- YOUR GOAL:
Both ends included, restate word for word the lines from the first line of the listing through the line containing "Welcome to another". Leave the pictures out.

- RECORDED DATA:
Start of Block
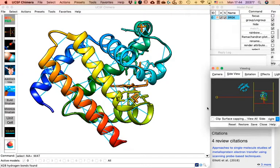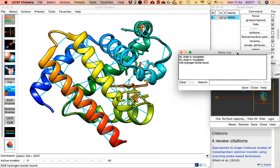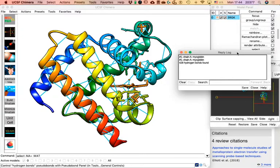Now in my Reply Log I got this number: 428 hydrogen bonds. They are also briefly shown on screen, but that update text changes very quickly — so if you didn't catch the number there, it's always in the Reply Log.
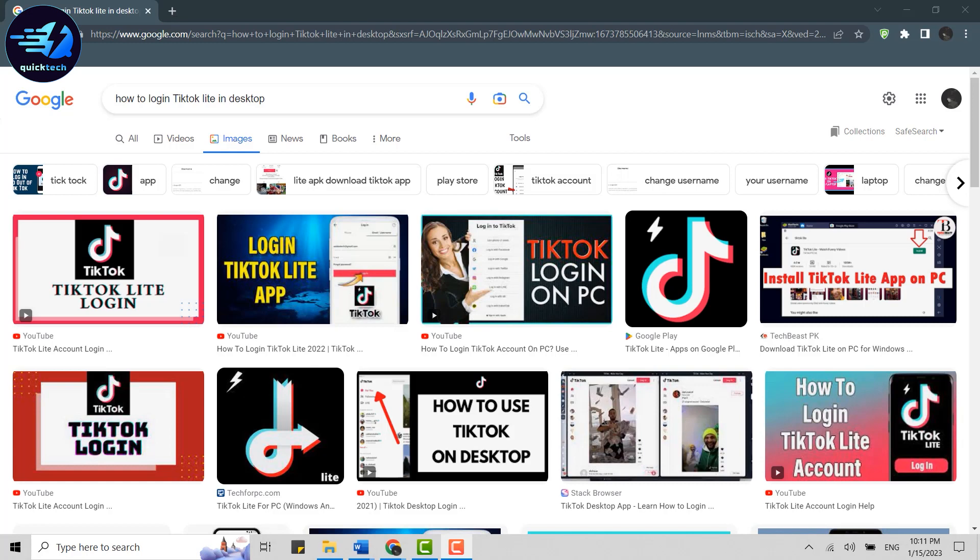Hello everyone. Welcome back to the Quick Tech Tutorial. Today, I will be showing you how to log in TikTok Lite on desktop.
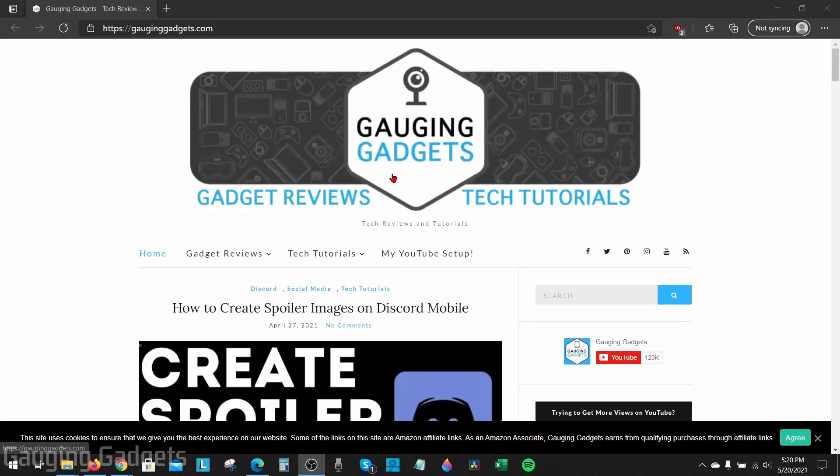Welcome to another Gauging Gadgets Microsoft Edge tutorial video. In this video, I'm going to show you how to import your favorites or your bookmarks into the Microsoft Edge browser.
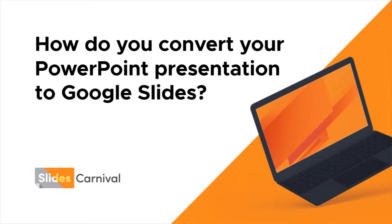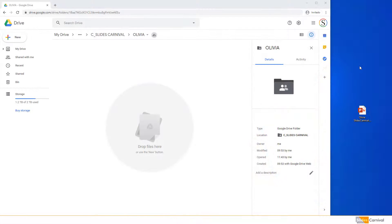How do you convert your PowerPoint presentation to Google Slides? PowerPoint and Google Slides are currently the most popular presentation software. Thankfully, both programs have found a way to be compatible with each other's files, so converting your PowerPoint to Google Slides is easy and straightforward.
End of Block
- ANSWER:
Now in my Reply Log I got this number: 428 hydrogen bonds. They are also briefly shown on screen, but that update text changes very quickly — so if you didn't catch the number there, it's always in the Reply Log.
Hello everyone. Welcome back to the Quick Tech Tutorial. Today, I will be showing you how to log in TikTok Lite on desktop.
Welcome to another Gauging Gadgets Microsoft Edge tutorial video. In this video, I'm going to show you how to import your favorites or your bookmarks into the Microsoft Edge browser.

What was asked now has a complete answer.